Zu wissen, woher der Begriff „Mobbing“ kommt, wie er definiert, wie der systematische Verlauf und was kein Mobbing ist, ist hierfür sicher grundlegend wichtig. Daher beantwortet auch genau diese Fragen das zweite Kapitel dieser Arbeit.
„Vier Wände. Keine Fenster. Fünf leergeräumte Schreibtische – keine Akten, keine Bildschirme, keine Schreibutensilien, keine Bücher, kein gar nichts. An den Schreibtischen sitzen fünf Männer. Sie blicken starr geradeaus. Sie reden nicht, weil Redeverbot herrscht. Sie laufen nicht herum, weil das nicht erlaubt ist. Sie telefonieren nicht, weil es keine Telefone gibt. Sie sitzen einfach da. Sie waren einmal unentbehrlich für ihre Firma. Heute sind sie überflüssig. Warum kündigt man ihnen nicht? Weil es in Japan undenkbar ist, einem Firmenangehörigen zu kündigen. Deshalb sitzen sie nun hier. Kaltgestellt abseits der Gemeinschaft. Die Geschäftsführung wartet geduldig auf ihre Kündigung. Einige reichen sie nach ein paar Tagen ein. Andere halten schweigend und zur Untätigkeit verdammt Monate durch. Viel länger schafft es kaum jemand – trotz asiatischer Duldsamkeit und weiterlaufender Bezüge.“1
Dies ist die Einleitung einer Broschüre, die die Bundesanstalt für Arbeitsschutz und Arbeitsmedizin im Jahr 2003 herausgegeben hat. Ihr Titel lautet „Wenn aus Kollegen Feinde werden – Der Ratgeber zum Umgang mit Mobbing.“ Die Tatsache, dass es sich hierbei um eine Broschüre, die 48 Seiten umfasst handelt und nicht um ein Merkblatt oder einen Flyer, zeigt deutlich, dass Mobbing ein großes Problem in unserer Gesellschaft darstellt.
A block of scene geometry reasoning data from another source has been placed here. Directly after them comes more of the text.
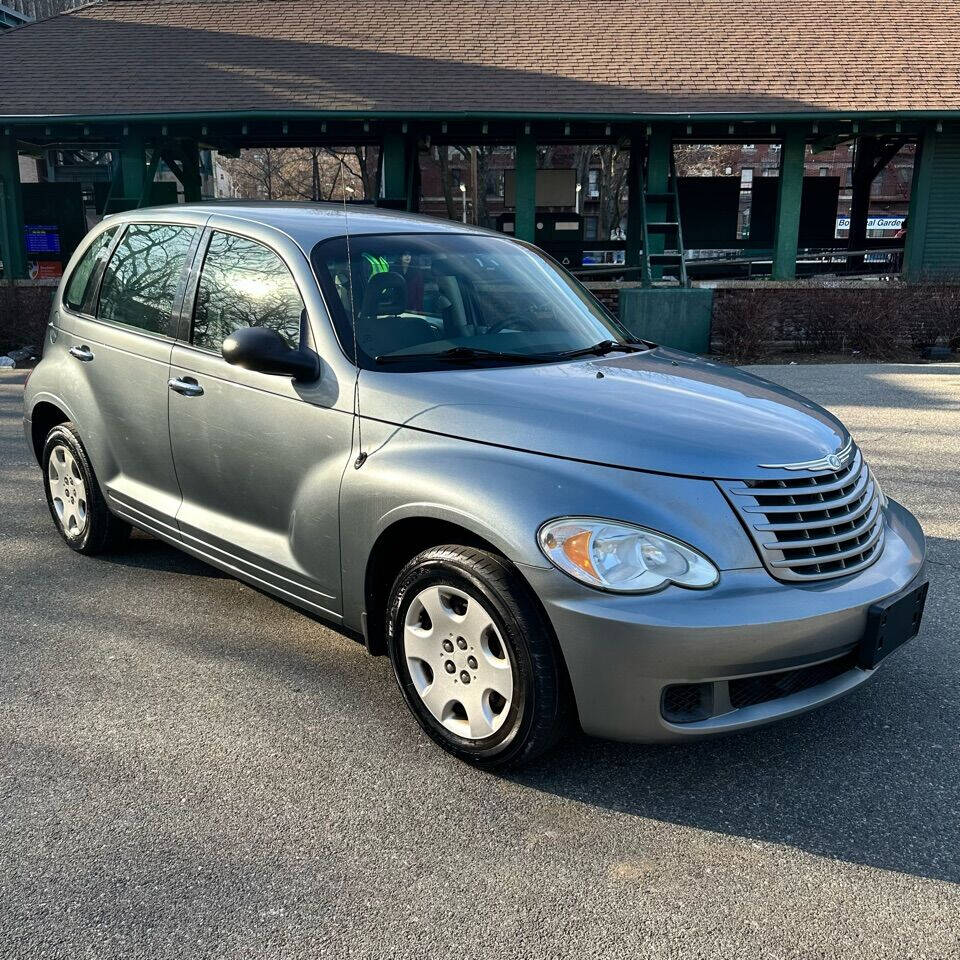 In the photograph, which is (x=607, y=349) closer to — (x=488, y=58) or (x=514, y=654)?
(x=514, y=654)

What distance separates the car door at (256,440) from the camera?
3498 millimetres

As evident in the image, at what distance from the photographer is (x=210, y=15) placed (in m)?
20.3

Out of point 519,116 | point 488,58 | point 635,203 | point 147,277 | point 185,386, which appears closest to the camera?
point 185,386

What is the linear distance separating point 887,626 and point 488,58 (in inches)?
661

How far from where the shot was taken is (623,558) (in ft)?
9.05

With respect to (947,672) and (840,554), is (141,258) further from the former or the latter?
(947,672)

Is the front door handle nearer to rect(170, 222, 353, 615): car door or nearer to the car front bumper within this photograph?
rect(170, 222, 353, 615): car door

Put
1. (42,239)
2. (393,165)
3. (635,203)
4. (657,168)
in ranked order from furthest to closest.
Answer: (635,203)
(42,239)
(393,165)
(657,168)

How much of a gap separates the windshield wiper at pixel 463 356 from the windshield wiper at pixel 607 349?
168 millimetres

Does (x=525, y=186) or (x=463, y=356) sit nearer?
(x=463, y=356)

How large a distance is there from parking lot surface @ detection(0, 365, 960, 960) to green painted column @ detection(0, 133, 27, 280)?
15.0 metres

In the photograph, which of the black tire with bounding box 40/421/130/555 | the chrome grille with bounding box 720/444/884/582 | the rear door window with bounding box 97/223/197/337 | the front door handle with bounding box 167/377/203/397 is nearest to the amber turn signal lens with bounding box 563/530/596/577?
the chrome grille with bounding box 720/444/884/582

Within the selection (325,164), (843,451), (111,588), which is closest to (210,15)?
(111,588)

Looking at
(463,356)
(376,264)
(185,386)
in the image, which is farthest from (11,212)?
(463,356) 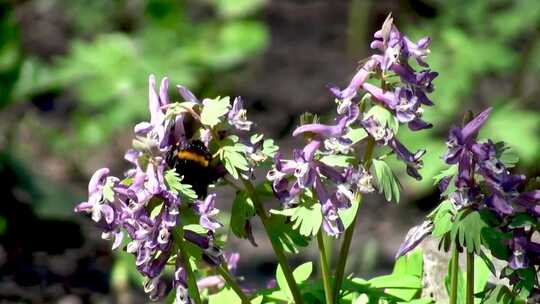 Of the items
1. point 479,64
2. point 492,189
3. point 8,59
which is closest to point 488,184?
point 492,189

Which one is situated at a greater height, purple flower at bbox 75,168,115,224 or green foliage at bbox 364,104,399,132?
green foliage at bbox 364,104,399,132

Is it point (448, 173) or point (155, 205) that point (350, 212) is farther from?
point (155, 205)

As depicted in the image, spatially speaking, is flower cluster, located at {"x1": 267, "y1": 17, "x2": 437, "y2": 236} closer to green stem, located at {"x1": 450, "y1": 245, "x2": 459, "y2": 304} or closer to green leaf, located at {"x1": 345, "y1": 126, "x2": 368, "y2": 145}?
green leaf, located at {"x1": 345, "y1": 126, "x2": 368, "y2": 145}

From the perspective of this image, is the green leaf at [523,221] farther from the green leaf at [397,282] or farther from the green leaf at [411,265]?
the green leaf at [411,265]

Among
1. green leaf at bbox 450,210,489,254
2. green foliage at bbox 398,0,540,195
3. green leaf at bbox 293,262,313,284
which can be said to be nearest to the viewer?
green leaf at bbox 450,210,489,254

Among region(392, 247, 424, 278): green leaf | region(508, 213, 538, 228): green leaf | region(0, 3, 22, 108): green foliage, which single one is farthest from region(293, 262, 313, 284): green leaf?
region(0, 3, 22, 108): green foliage

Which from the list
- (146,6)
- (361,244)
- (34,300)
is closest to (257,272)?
(361,244)
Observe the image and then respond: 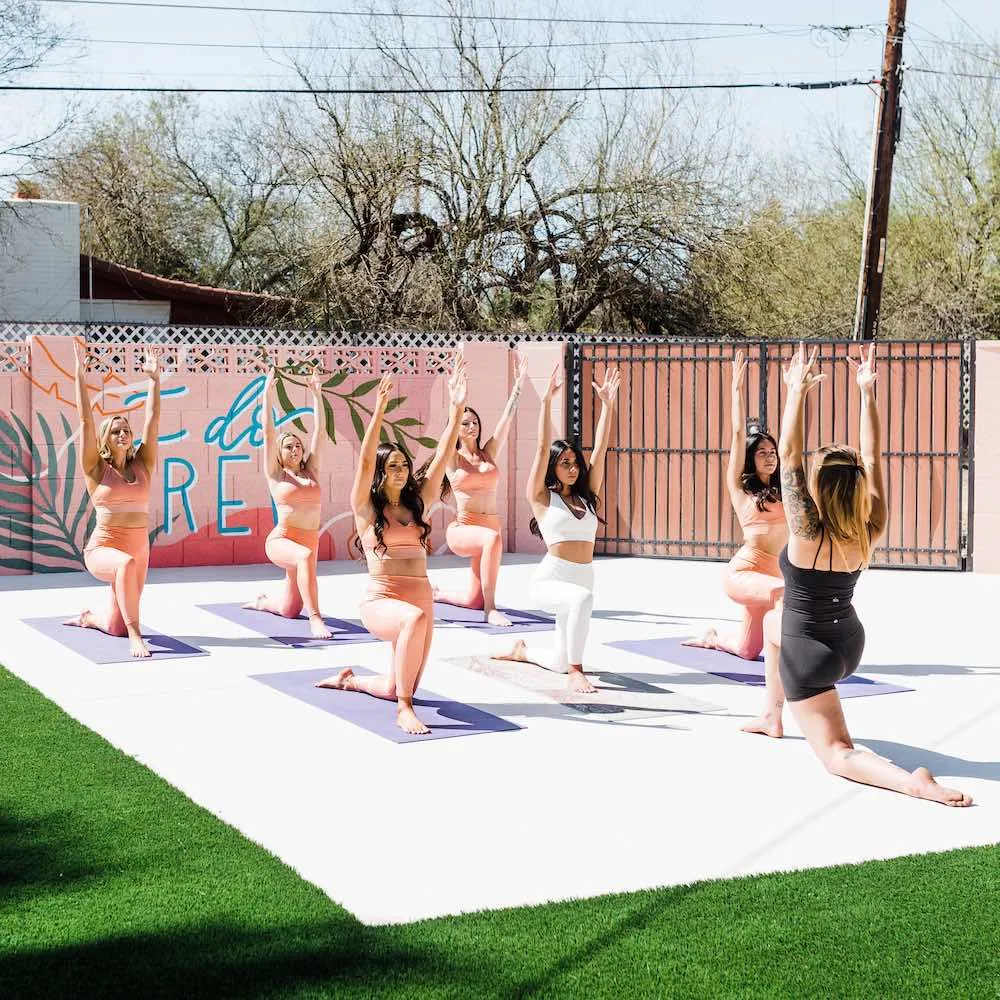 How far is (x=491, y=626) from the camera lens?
10.2 m

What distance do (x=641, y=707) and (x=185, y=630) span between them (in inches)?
150

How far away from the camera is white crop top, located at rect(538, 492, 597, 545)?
796cm

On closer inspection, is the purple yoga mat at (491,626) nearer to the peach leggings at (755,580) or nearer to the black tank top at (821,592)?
the peach leggings at (755,580)

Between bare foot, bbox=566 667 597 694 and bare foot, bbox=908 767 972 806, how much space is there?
7.52 ft

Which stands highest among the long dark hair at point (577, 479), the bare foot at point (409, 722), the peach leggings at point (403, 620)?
the long dark hair at point (577, 479)

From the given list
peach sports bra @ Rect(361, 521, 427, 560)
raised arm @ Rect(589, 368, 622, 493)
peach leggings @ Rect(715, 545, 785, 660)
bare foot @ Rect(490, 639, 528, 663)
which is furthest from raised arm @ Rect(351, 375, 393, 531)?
peach leggings @ Rect(715, 545, 785, 660)

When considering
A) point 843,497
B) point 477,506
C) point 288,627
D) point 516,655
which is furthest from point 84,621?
→ point 843,497

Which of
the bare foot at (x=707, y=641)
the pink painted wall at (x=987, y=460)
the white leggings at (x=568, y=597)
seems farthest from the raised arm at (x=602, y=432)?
the pink painted wall at (x=987, y=460)

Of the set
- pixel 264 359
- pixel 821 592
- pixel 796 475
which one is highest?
pixel 264 359

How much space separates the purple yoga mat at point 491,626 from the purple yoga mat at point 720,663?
33.9 inches

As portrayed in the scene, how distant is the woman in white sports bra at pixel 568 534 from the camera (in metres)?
7.89

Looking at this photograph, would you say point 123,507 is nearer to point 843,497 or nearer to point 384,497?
point 384,497

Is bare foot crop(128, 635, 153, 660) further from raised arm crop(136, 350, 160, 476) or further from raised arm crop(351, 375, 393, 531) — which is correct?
raised arm crop(351, 375, 393, 531)

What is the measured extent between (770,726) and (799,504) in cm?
149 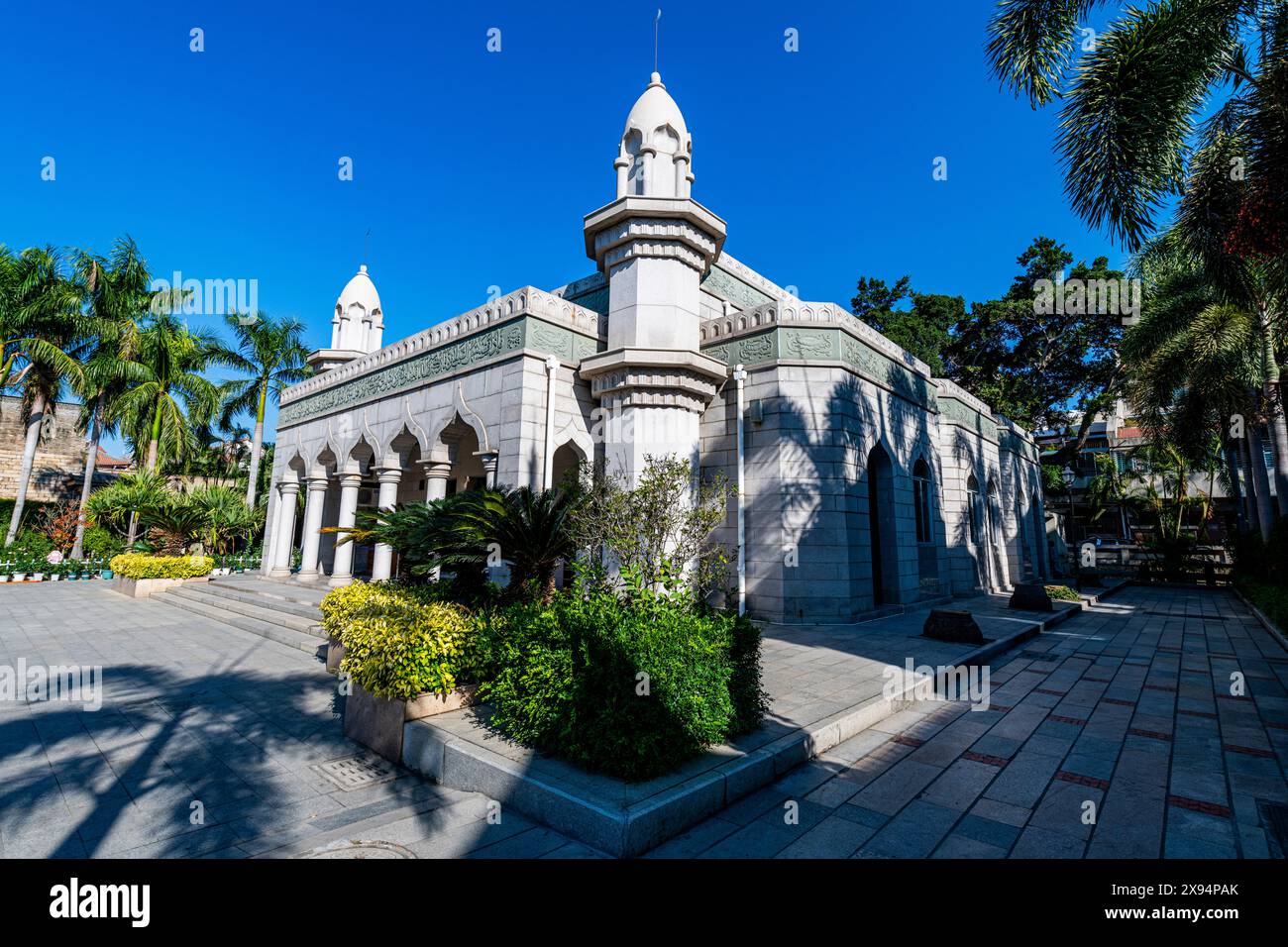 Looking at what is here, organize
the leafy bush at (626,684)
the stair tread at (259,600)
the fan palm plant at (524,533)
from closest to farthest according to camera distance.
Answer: the leafy bush at (626,684)
the fan palm plant at (524,533)
the stair tread at (259,600)

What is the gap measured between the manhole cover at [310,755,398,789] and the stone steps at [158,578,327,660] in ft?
15.4

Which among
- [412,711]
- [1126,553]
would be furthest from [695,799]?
[1126,553]

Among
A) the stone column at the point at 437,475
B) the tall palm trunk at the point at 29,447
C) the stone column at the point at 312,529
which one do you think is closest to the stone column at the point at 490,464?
the stone column at the point at 437,475

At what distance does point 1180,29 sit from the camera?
770 centimetres

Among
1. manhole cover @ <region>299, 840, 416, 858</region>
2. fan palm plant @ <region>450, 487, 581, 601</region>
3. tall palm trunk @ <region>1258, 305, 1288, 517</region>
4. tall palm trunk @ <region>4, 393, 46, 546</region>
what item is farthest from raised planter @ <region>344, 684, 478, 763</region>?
tall palm trunk @ <region>4, 393, 46, 546</region>

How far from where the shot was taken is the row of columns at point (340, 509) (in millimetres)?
12273

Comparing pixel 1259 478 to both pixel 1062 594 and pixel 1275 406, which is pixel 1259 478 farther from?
pixel 1062 594

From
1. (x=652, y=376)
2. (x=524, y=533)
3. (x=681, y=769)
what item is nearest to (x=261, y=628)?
(x=524, y=533)

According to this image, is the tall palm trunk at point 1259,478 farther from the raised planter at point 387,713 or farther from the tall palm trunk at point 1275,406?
the raised planter at point 387,713

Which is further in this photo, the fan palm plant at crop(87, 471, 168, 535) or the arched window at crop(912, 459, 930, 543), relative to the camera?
the fan palm plant at crop(87, 471, 168, 535)

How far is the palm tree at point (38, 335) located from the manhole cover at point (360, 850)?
89.6 ft

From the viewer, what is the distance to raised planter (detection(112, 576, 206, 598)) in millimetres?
16172

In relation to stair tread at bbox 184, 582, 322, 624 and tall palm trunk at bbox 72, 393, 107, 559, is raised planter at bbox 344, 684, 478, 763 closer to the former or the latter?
stair tread at bbox 184, 582, 322, 624
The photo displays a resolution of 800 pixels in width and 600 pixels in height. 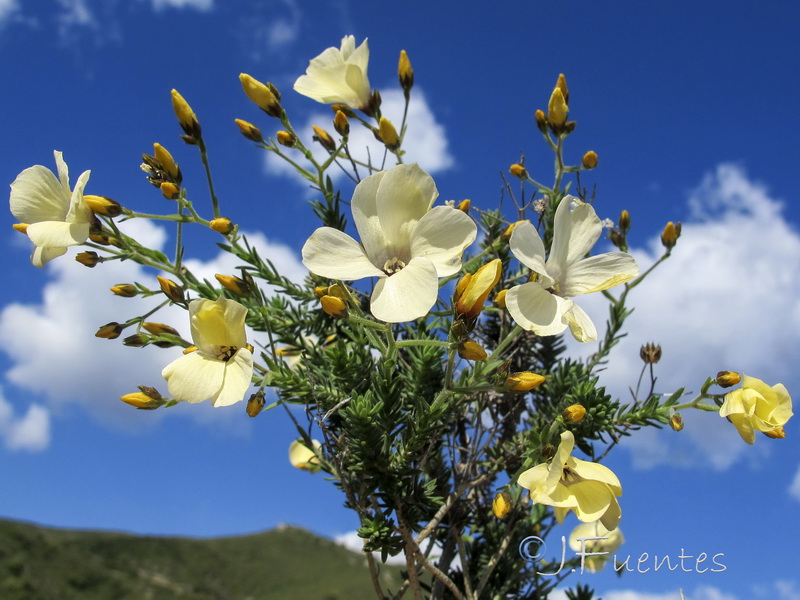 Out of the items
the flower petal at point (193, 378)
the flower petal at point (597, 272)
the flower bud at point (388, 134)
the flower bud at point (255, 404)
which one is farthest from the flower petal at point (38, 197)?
the flower petal at point (597, 272)

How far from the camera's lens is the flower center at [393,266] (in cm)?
145

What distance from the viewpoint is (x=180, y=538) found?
177 ft

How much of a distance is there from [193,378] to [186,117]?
776 millimetres

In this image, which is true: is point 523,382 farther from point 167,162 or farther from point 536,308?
point 167,162

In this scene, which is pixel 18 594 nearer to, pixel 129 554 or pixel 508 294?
pixel 129 554

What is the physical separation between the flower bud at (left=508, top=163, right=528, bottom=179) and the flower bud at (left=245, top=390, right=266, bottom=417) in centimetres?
103

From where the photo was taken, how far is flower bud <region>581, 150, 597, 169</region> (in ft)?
6.33

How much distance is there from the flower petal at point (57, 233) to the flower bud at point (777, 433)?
168cm

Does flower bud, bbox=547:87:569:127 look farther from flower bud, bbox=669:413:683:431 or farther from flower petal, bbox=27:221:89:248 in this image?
flower petal, bbox=27:221:89:248

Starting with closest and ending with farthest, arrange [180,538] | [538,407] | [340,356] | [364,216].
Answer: [364,216] → [340,356] → [538,407] → [180,538]

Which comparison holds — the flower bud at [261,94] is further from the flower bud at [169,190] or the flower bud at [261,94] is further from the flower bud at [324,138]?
the flower bud at [169,190]

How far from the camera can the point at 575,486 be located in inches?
58.1

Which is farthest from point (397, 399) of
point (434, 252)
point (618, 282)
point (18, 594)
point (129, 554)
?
point (129, 554)

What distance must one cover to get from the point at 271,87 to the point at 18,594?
4065 cm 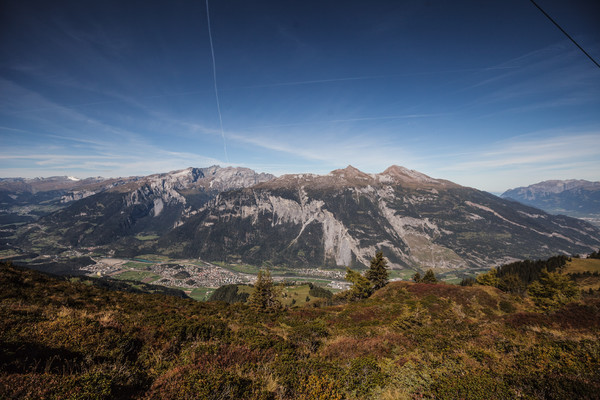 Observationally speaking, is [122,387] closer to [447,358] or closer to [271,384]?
[271,384]

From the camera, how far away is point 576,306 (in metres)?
20.5

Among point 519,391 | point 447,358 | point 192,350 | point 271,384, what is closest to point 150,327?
point 192,350

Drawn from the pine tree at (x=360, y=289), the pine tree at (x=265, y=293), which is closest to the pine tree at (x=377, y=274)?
the pine tree at (x=360, y=289)

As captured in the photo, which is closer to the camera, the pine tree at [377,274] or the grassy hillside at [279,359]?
the grassy hillside at [279,359]

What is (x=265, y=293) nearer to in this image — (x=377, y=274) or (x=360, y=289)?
(x=360, y=289)

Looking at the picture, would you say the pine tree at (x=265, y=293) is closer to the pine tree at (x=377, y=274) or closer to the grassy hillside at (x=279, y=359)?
the pine tree at (x=377, y=274)

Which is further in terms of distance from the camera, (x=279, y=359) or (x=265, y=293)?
(x=265, y=293)

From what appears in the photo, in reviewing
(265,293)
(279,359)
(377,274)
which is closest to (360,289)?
(377,274)

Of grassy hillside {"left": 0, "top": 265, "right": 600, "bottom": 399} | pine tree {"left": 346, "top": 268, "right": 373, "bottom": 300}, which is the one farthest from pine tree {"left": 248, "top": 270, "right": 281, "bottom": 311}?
grassy hillside {"left": 0, "top": 265, "right": 600, "bottom": 399}

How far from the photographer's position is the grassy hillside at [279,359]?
25.4 ft

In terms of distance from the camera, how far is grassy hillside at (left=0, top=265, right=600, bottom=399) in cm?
775

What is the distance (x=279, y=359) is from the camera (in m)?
11.8

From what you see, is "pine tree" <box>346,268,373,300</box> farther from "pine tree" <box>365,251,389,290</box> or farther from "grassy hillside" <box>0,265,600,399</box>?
"grassy hillside" <box>0,265,600,399</box>

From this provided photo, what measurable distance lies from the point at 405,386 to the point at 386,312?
2045cm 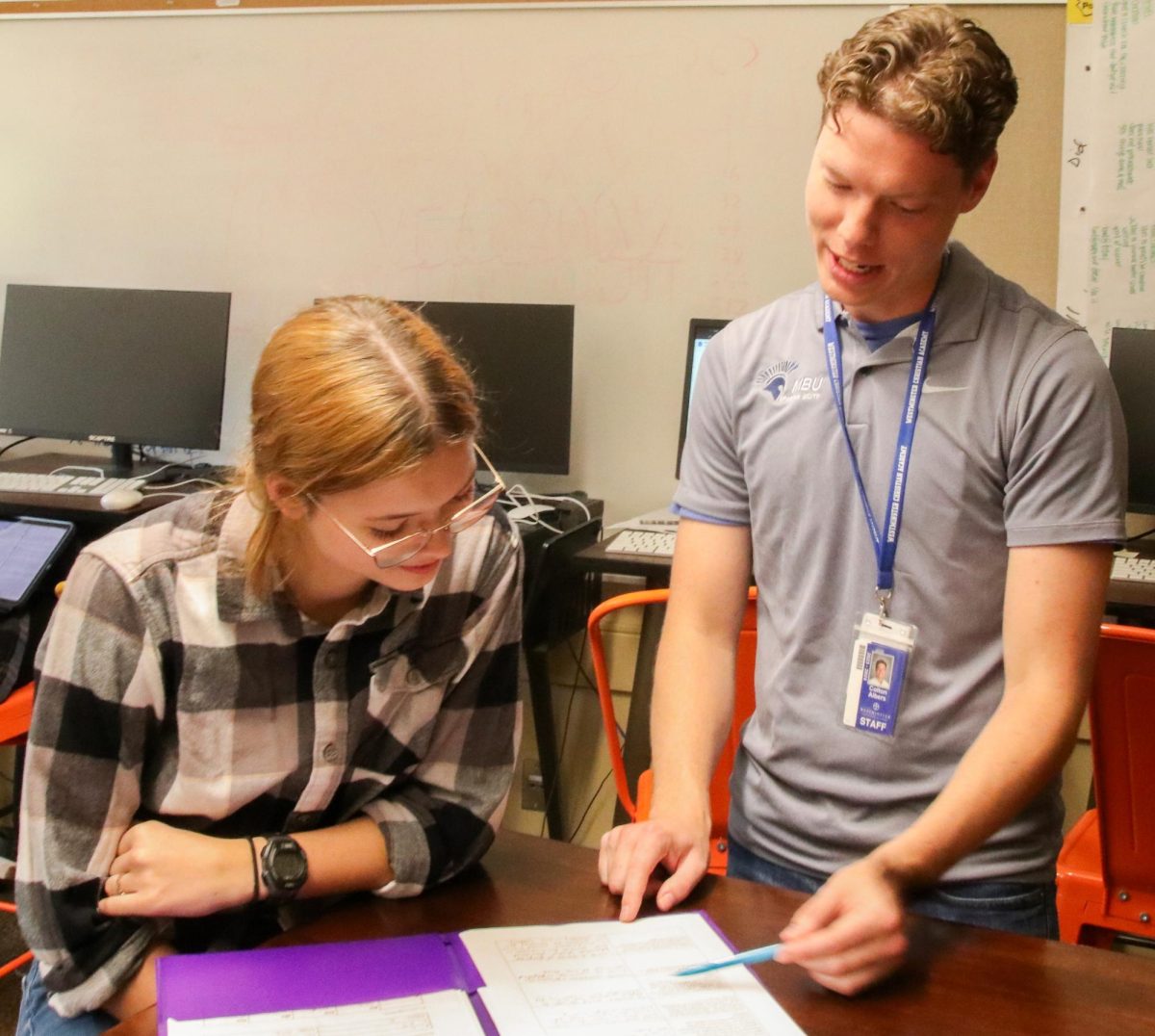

Darauf, wie häufig genau und in welcher Form Mobbing auftritt, gegen welche Personengruppe/ n es sich richtet und von welchen Personen/gruppen es ausgeht, wird im dritten Kapitel unter dem Titel „Allgemeine statistische Ergebnisse der Forschung“ eingegangen. Zwar sind solch arge Fälle, wie oben im Beispiel aus Japan geschildert, in Deutschland nicht bekannt, doch auch hier werden in Fällen von Mobbing oftmals die Grundrechte eines jeden Menschen, besonders in Bezug auf die Menschenwürde, mit Füßen getreten.
Je mehr Menschen sich mit diesem Phänomen beschäftigen und um seinen Nährboden und seine Folgen wissen, desto schwieriger wird es Mobbing–Handlungen durchzuführen. Die Kapitel vier und fünf zeigen daher „Die Folgen von Mobbing“ und „Die Ursachen von Mobbing“ auf. Diese reichen von der Unlust zur Arbeit zu gehen bis hin zum Selbstmord. Soweit muss es aber nicht kommen, denn es gibt verschiedene Möglichkeiten sich gegen Mobbing zu wehren, als Mobbing-Opfer glimpflich davon zu kommen oder von vornherein systematisch dem Ganzen entgegen zu wirken. An dieser Stelle sind eingreifende und vorbeugende Maßnahmen gefordert. In den Kapiteln sechs und sieben der vorliegenden Arbeit werden daher verschiedene Modelle der „Intervention“ und der „Prävention“ vorgestellt.
In vielen Fällen ist bei der Durchführung dieser Maßnahmen Unterstützung von außen gefordert. Ein Gebiet, auf dem Sozialarbeiter/- pädagogen zum Einsatz kommen. Kapitel acht thematisiert die „Wirkungsmöglichkeiten der Sozialarbeit gegen Mobbing“.
Das abschließende Resümee wird noch einmal alle durch diese Arbeit gewonnenen Erkenntnisse zusammenfassen und so ihren Abschluss bilden.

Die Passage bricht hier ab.